Travel Experiences 7: Working the Wound, Part 2: Loving Attention
Walking with the wound was its own concentration. Grateful that I could walk at all, I had to move with care. My slow, focussed rhythm was unusual. Those who notice others looked to my bandage and gave me room to reach handrails, or let me sit on crowded busses or trains.
The wound spoke in its only language—sensation. Sometimes the stitches pulled for no apparent reason. I worked at staying with sensation instead of pushing it away and relaxing fear.
In his response to my email, my Teacher suggested breathing up from the soles of my feet through my whole body and out through my crown, then exhaling through my crown and body, out my feet. He recommended adding the practices “Ya Raqib,Ya Hafiz” to my breath, though intention.
Ya (invoking) Raqib is a divine Name for loving attention. Inhaling in this intention, I watched each step to avoid jarring the wound. Bringing loving attention to my leg, limits and needs helped during onrushes in crowds. I kept renewing my intention to bring Earth energy in through my feet. This focus also helped me to take in my environment and locate places and items I was trying to find. It increased my confidence getting around.
Ya (invoking) Hafiz is a divine Name for protection, and also for deep respect. I exhaled this quality from my crown down and out my feet, beginning with respect for my body and the ways enhanced attention makes me safer.
Combining Ya Raqib and Ya Hafiz evoked numerous reflections:
Paying loving attention is doing our part. Expecting protection without contributing attention is absent accountability.
We need to NOTICE in order to truly respect. Making assumptions without truly noticing does not support respect. A few implications:
–If I did not feel my wound I may not respect my limits.
–If we do not notice the results of eating something we are sensitive to, we will keep eating it and irritate our bodies instead of respecting our needs.
–If someone thinks we are other than we are, they are unlikely to respect our needs.
–If we do not recognize our own energy, we cannot tell when we take on energy that does not belong with us and cannot respect our own need for boundaries.
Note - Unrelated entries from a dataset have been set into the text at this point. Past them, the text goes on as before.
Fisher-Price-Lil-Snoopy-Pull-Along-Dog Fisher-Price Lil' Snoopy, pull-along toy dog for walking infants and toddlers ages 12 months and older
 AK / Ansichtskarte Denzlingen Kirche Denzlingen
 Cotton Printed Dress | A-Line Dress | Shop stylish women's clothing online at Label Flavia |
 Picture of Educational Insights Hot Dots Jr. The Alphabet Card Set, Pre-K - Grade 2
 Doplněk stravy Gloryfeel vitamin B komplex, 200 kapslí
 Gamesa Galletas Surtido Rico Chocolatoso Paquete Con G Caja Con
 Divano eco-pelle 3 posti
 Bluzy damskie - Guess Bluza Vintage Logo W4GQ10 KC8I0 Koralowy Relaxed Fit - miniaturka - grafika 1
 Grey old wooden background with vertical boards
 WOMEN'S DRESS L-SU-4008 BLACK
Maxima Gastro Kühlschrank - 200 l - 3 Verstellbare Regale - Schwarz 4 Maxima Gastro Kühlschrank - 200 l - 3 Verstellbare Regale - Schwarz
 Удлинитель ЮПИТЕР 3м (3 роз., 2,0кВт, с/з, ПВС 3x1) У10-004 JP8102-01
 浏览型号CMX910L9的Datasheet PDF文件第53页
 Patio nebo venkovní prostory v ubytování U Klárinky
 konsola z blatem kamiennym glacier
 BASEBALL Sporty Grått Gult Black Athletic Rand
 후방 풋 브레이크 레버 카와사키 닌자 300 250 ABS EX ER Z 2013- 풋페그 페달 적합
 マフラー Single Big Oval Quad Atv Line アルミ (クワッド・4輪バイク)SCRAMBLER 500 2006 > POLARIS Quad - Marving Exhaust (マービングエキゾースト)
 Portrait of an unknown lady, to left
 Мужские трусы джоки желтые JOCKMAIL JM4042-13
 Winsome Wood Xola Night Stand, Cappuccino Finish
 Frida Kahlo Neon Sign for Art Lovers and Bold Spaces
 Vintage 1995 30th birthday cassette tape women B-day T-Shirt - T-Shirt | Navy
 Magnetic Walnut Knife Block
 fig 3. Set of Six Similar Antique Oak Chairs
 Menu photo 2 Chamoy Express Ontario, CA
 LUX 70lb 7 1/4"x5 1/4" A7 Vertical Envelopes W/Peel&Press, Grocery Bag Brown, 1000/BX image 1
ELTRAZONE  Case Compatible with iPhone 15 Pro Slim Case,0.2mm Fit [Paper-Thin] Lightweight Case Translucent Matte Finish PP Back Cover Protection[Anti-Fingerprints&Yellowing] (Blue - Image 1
–Being aware makes for right action.
Our degree of self respect and our ability to respect others are intimately involved with our relationship to physical space. The ways we do and cannot take up space reflect whether or not we feel respectable, and express some of the ways in which we respect or disregard others.
We have different styles of negotiating safety and personal space. Some people, for example, accumulate physical bulk and use it aggressively, demanding a lot of space. Some maintain energy fields like barbed wire or electric sparks for a similar function. Others shrink away and all but disappear in groups. Some blend so much they cannot tell who they are themselves. These types of behavior are rooted in the survival instinct. In part, they help compensate for feeling small, unimportant, unsafe or unseen.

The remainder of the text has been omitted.